Gandhi ji says that some act or something is good or aesthetically beautiful only if it is beautiful enough for all.2 If whatever you do is good for you only, but it is not good for others, or all, it can not be said good. Majority cannot decide good or bad. The idea of good or bad, is essentially relative. Something can be good for one, but bad for others, and if the majority is authorized to decide what is good, than obviously, the minority is forced to accept it as good, without any option to oppose that. Hence, Gandhi certainly was not exclusively supportive of the Majority rule; obviously, he was not a supporter of enslavement of minority against the majority rule. He was proponent of the freedom and savior of minority against the majority. That is why he supported the idea of organized anarchy
“The State represents violence in a concentrated and organised form. The individual has a soul but as the state is a soulless machine, it can never be weaned away from violence to which it owes its very existence”. — Mahatma Gandhi3
Yet, was Mahatma Gandhi supporting the idea of freedom of the individual, the smallest minority, to decide for his self and his pursuit of good and happiness?
Was Mahatma Gandhi an existentialist, individualist, supporter of Individual rights and ability to be free and independent to rule and decide for his own life? Was Mahatma Gandhi a Libertarian? No, he was not, his idea of “organized anarchy” constitute a meaningful government and bureaucracy.

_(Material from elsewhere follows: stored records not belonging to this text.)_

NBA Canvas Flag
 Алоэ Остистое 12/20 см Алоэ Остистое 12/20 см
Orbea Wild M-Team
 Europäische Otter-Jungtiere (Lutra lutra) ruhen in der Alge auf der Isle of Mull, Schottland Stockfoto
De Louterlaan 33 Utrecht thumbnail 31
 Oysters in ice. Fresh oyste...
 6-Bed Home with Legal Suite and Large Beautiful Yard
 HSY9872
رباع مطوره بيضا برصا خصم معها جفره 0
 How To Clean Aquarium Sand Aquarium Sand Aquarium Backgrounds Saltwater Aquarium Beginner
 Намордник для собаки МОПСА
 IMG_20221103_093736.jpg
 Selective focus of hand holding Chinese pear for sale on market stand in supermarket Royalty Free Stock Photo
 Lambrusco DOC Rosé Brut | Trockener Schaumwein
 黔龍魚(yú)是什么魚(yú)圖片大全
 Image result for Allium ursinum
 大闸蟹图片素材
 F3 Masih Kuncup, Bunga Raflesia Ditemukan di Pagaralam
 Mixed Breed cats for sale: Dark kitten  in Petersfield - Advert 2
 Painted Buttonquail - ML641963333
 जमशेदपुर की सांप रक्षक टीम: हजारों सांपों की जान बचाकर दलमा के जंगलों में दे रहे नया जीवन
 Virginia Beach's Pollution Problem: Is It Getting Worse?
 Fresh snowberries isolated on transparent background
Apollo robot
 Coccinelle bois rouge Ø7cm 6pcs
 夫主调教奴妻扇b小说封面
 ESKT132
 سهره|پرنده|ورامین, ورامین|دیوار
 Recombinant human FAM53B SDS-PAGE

Based on Indian ethos and values, Gandhi added some powerful features for containing consumption and promoting social justice and equity. These are:
1) Village governments in which the village assembly controls resources and decision-making;
2) Decentralised production systems to curb distress migration to urban centres;
3) Self-sustaining local economies providing resilience to regional and global economic turbulence;
4) A low expense clean election system;
5) National governments accountable to local governance as a check against arrogance of the state;
6) Industry as trusteeship of the people, reinvesting in production of goods and services and not indulging in ostentatious consumption; and
7) Religions integrated as a positive force at the grassroots level.4
Gandhi was not a Libertarian; rather he was a socialist, a deep rooted supporter of the philosophy of Kant, the very basis of Marxism and Socialism. He was not an Individualist, nor he was supporter of Lockean law of homestead and property rights, he was not capitalist. Yet, he did not want the majority to rule over government and dictate for what is good or what is bad. In a sense, Gandhi was Minarchist, yet was he an Objectivist?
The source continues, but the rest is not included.